Sunday, March 25, 2012

I Predict That The ATR Crises Will Really Explode In The 2012-13 School Year .





















One of my friends told me that his Principal had informed the Assistant Principals in his "Turnaround School" that the Network Leader had notified him that Tweed is encouraging the Principals of "Turnaround Schools" to hire the maximum amount of "new blood" (newbie teachers) for their school for the 2012-13 school year. That means that 40% of the new staff will have no real classroom experience and already struggling schools will struggle even more as their academically low achieving students will be the "guinea pigs" for teachers who themselves must learn curriculum and acquire classroom management skills. The result will be an explosion of the ATR crises in the NYC school system. I anticipate 4,000+ ATRs will be floating around the NYC public schools on a weekly basis in the 2012-13 school year, thanks to Mayor Bloomberg and his pet poodle, Chancellor Dennis Walcott, this will be the largest amount of ATRs ever since the 2005 contract which allowed for their creation. How did I obtain the 4,000+ figure?

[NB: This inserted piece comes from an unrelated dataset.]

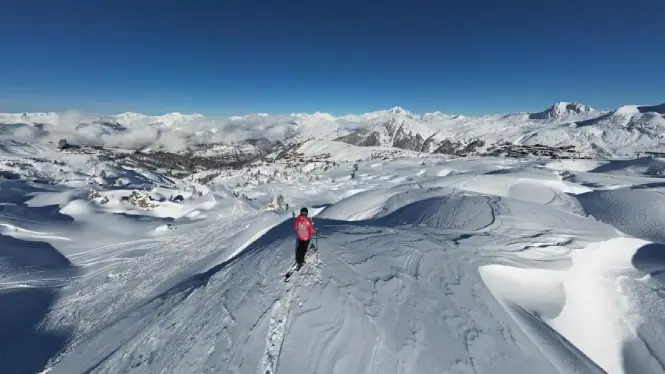 Skier in the backcountry of La Plagne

First, there are approximately 900 ATRs currently going week to week to schools in their district. Second, There are about 400 teachers that have provisional appointments for the present school year and may be put back into the ATR pool at year's end. Third, there will be 1,750 teachers who will no longer have a classroom assignment in the 33 "Turnaround Schools". Fourth, there will be 26 schools closing and with other large schools already going through the closing process (Jamaica, Beach Channel etc). This could result in 1,000 more teachers who will become ATRs. Finally, everybody believes that the Bloomberg Administration and the DOE will lift the hiring freeze by the summer as the City's economy slowly recovers. This will severely limit classroom positions for highly-paid experienced teachers as Principals watch their tight budgets. In fact some of the more unscrupulous "Leadership Academy Principals" will continue to find ways to eliminate senior teacher positions in some subjects and hire "newbie teachers" for other subjects who will end up teaching the same type of courses as the excessed senior teachers were.

The ATR crises, solely manufactured by Mayor Bloomberg and Ex-Chancellor Joel Klein, with the union's acceptance back in 2005 is likely to cost the DOE some $400 million dollars in salary and benefits. This will allow the DOE to shift the blame to the union by claiming the union continues to protect "bad teachers" when the truth is that Principals don't want senior and high paid teachers on their tight school budget. However, the DOE will tell the mass media that already large and rising class sizes, lack of resources, and tight budgets would magically disappear if they could only get rid of the ATRs. The DOE has convinced the NYC newspapers that the ATRs are the "Jews" of the education system, it is all their fault for the problems that plague the NYC schools.

I truly hope I am wrong about the 4,000+ ATRs but unless the union takes a more "pro-active" position and stops the Bloomberg Administration in its tracks, This scenario is very much a reality.

19 comments:

Anonymous said...

I wish you would stop painting all principals with such a broad brush. I am a principal who is very happy with his mix of experienced and new teachers. I have no plans to excess, U-rate, or otherwise chase out anyone due to their salary level. In fact, I am making every budgetary effort to do the opposite. If I need additional staff next year, I will look to the Open Market which is all experienced teachers- ATR or not. There are some Tweed-oids among principals who may be following what is dictated, but quietly, many of us are doing what's right rather than what we are pushed to do.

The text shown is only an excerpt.